Multiple Centrally Acting Antidotes Protect against Severe Organophosphate Toxicity

Abstract

Accumulation of acetylcholine in the central nervous system is believed to account for the rapid lethality of organophosphate pesticides and chemical nerve agents. Diazepam is known to supplement atropine therapy, but its specific mechanism of action is uncertain. To test four centrally acting agents for early antidotal efficacy in severe dichlorvos poisoning in the murine model. The up-and-down method was used to dose four candidate antidotes: diazepam, xylazine, morphine, and ketamine. Antidotes were administered subcutaneously to unsedated adult Sprague-Dawley rats who were pretreated with 3 mg/kg intraperitoneal glycopyrrolate. All animals received 20 mg/kg of dichlorvos subcutaneously 5 minutes later. A blinded observer adjudicated the outcomes of 10-minute mortality and survival time. All animals pretreated with either no antidote (8/8 deaths) or glycopyrrolate alone (8/8) died within 10 minutes of dichlorvos injection. Pretreatment with diazepam (3/9 deaths), or xylazine (3/9), decreased lethality substantially (Fisher p = 0.007; median effective doses, 0.12 mg/kg and 3.0 mg/kg, respectively).
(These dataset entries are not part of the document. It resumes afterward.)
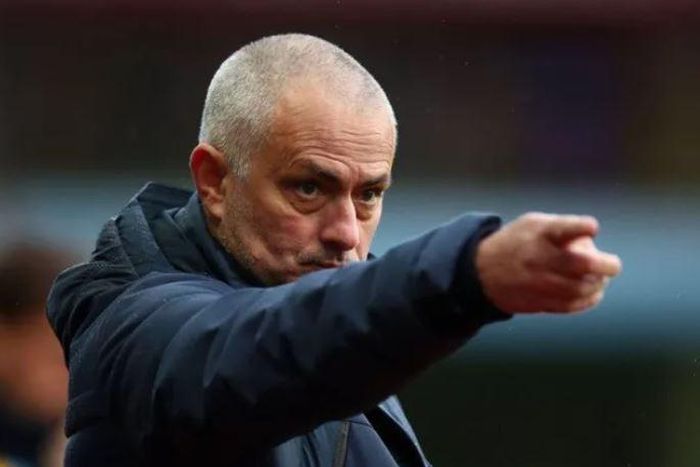  Jose Mourinho quan tâm tới việc liệu đội về đích thứ nhì năm 2018 có thể trở thành nhà vô địch hay không? 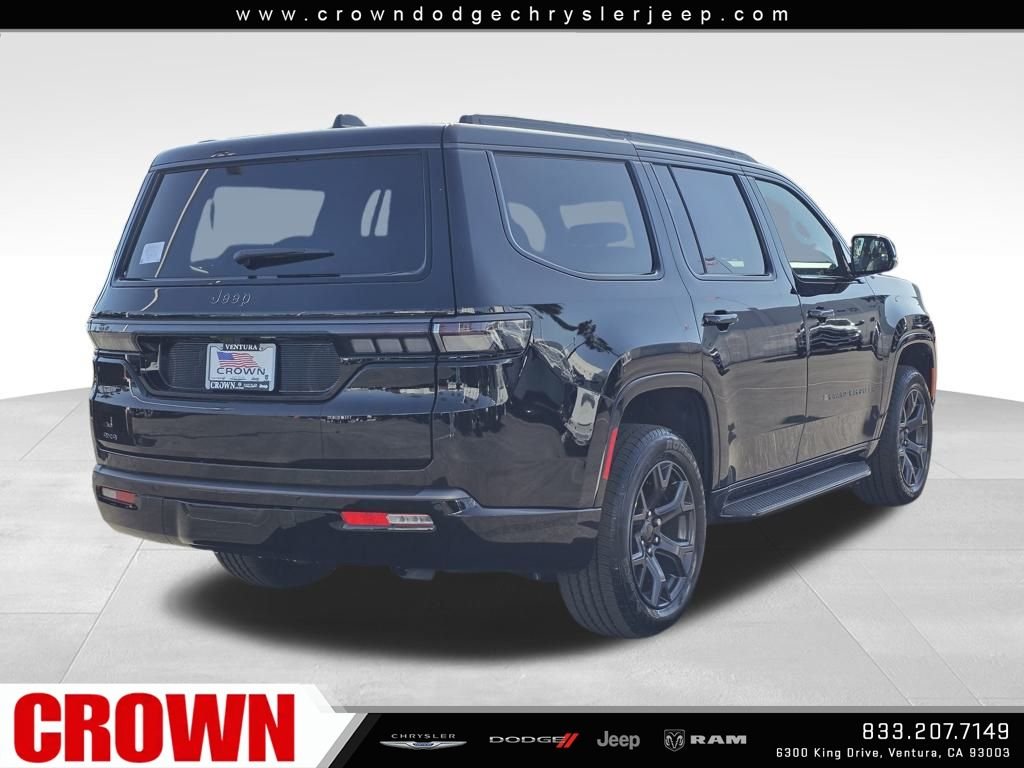 New 2026 High Gloss Black Exterior Paint Jeep Limited Altitude image 5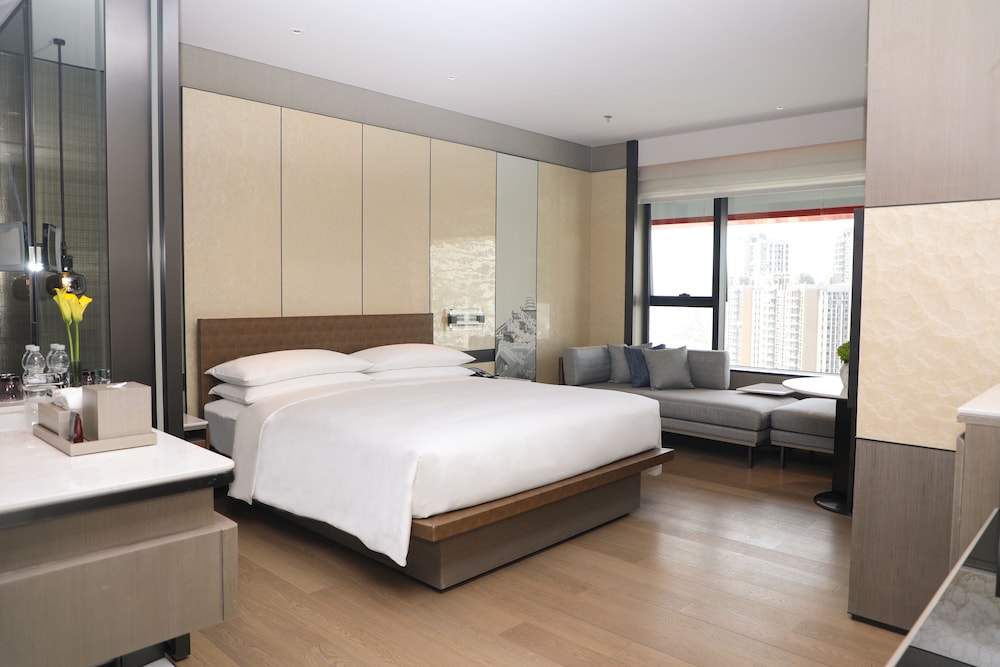 Superior Room, 1 King Bed, City View - Photo 5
Intermediate doses of morphine (3.1 to 5.5 mg/kg) resulted in survival, but higher doses did not, presumably because of excessive respiratory depression (7/11 deaths; p = 0.09). Ketamine (7/8 deaths) was ineffective as an antidote. Survival times also were prolonged in the diazepam and xylazine groups (log-rank p < 0.001) and, to a lesser degree, the morphine group (p = 0.07). Doses of diazepam, xylazine, and morphine below those used for deep sedation protect against severe dichlorvos poisoning, implying that several distinct central mechanisms are each sufficient to avert lethality. These findings suggest new possibilities for prophylaxis or therapy.